▸ **Work to complete**:
The records below are to be duplicated exactly as they appear.

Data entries
== == ==

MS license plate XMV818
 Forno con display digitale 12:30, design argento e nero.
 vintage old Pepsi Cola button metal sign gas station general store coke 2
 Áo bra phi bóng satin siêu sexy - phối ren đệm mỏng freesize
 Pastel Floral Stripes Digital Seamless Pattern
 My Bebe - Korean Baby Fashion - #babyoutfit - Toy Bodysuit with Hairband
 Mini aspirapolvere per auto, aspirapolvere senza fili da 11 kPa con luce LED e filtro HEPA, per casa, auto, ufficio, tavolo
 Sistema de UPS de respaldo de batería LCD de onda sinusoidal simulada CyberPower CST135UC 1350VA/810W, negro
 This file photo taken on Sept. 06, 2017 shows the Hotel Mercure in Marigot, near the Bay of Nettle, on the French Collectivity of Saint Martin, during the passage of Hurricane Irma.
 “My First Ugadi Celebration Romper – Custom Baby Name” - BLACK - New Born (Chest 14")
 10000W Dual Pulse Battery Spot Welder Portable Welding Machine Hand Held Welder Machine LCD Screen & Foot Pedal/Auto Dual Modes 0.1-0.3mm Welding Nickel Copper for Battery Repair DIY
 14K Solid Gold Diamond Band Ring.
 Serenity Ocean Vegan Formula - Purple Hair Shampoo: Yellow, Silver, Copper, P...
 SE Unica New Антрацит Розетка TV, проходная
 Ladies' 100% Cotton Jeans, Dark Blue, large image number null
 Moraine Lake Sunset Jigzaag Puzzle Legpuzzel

== == ==

▸ **Response below**:
MS license plate XMV818
 Forno con display digitale 12:30, design argento e nero.
 vintage old Pepsi Cola button metal sign gas station general store coke 2
 Áo bra phi bóng satin siêu sexy - phối ren đệm mỏng freesize
 Pastel Floral Stripes Digital Seamless Pattern
 My Bebe - Korean Baby Fashion - #babyoutfit - Toy Bodysuit with Hairband
 Mini aspirapolvere per auto, aspirapolvere senza fili da 11 kPa con luce LED e filtro HEPA, per casa, auto, ufficio, tavolo
 Sistema de UPS de respaldo de batería LCD de onda sinusoidal simulada CyberPower CST135UC 1350VA/810W, negro
 This file photo taken on Sept. 06, 2017 shows the Hotel Mercure in Marigot, near the Bay of Nettle, on the French Collectivity of Saint Martin, during the passage of Hurricane Irma.
 “My First Ugadi Celebration Romper – Custom Baby Name” - BLACK - New Born (Chest 14")
 10000W Dual Pulse Battery Spot Welder Portable Welding Machine Hand Held Welder Machine LCD Screen & Foot Pedal/Auto Dual Modes 0.1-0.3mm Welding Nickel Copper for Battery Repair DIY
 14K Solid Gold Diamond Band Ring.
 Serenity Ocean Vegan Formula - Purple Hair Shampoo: Yellow, Silver, Copper, P...
 SE Unica New Антрацит Розетка TV, проходная
 Ladies' 100% Cotton Jeans, Dark Blue, large image number null
 Moraine Lake Sunset Jigzaag Puzzle Legpuzzel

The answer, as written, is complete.